# IPC message queues?



## samad_lotia (Aug 13, 2002)

I would like to use message queues in one of my programs. Does OSX not support either POSIX or System V message queues or am I setting up my programs wrong? /usr/include/sys/msg.h (for SysV message queues) and /usr/include/mqueue.h (for POSIX message queues) do not exist. I tried compiling an example program (the snippet is at the bottom) using SysV MQs without #including sys/msg.h. The program compiles fine. But when I actually run the program, I get the error:
msgget: Operation not supported
Btw, ftok() works just fine.

I noticed that in /var/spool, there are 2 directories called mqueue and clientmqueue.

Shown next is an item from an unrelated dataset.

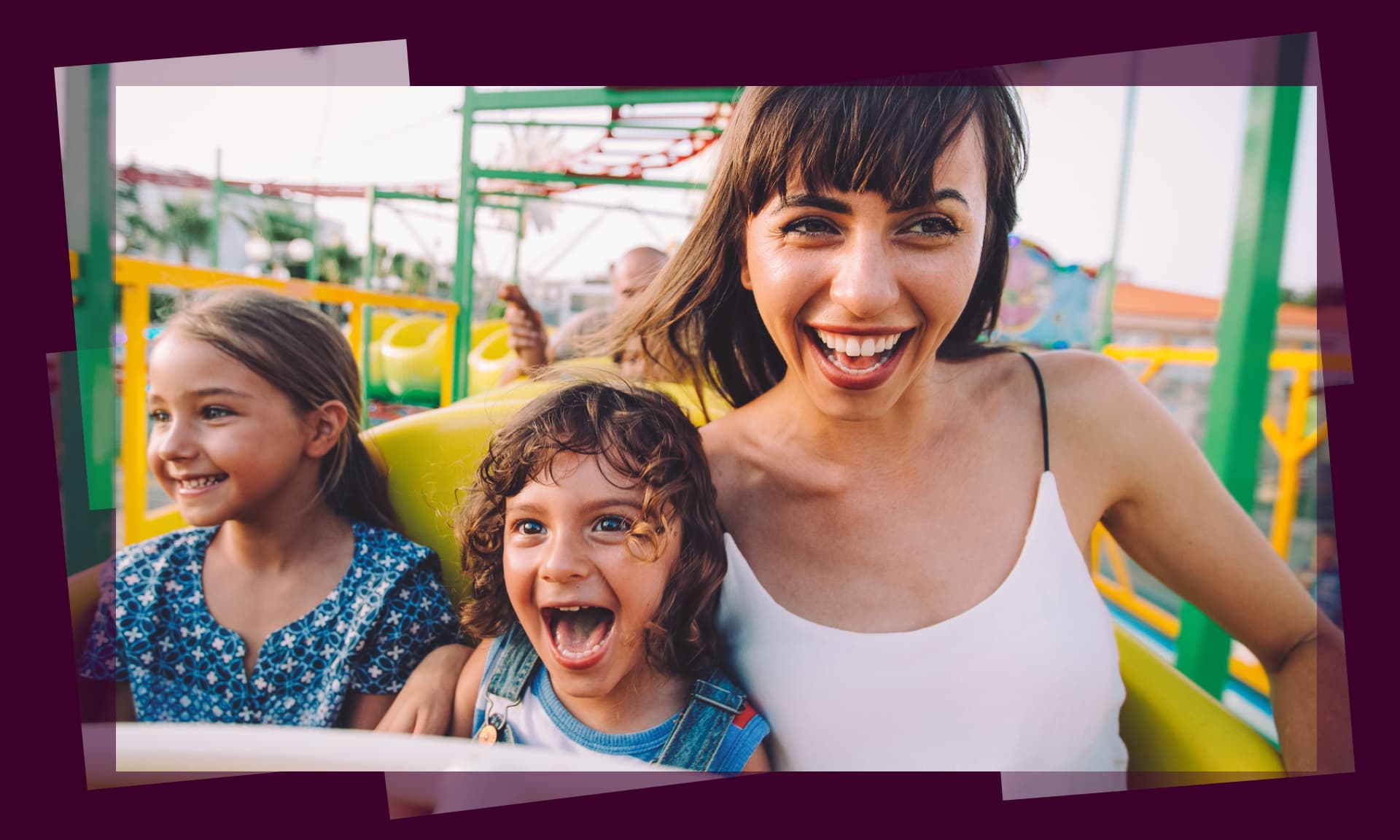 woman on rollercoaster with kids stock image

Very peculiar.
...
if ((msqid = msgget(key, 0644)) == -1) { /* connect to the queue */
        perror("msgget");
        exit(1);
    }
...

Samad


----------



## theed (Sep 7, 2002)

A day late and a dollar short I know, but here goes.

It's a big part of the NS Classes to pass messages between processes.  It's also fairly well documented how you can create a central messaging facility and send messages to it and have any number of processes listen to it.  This is how much of the event handling in the OS is programmed.

NSNotificationCenter - It may not at all be what you were looking for, but I think it's a pretty sweet deal.


----------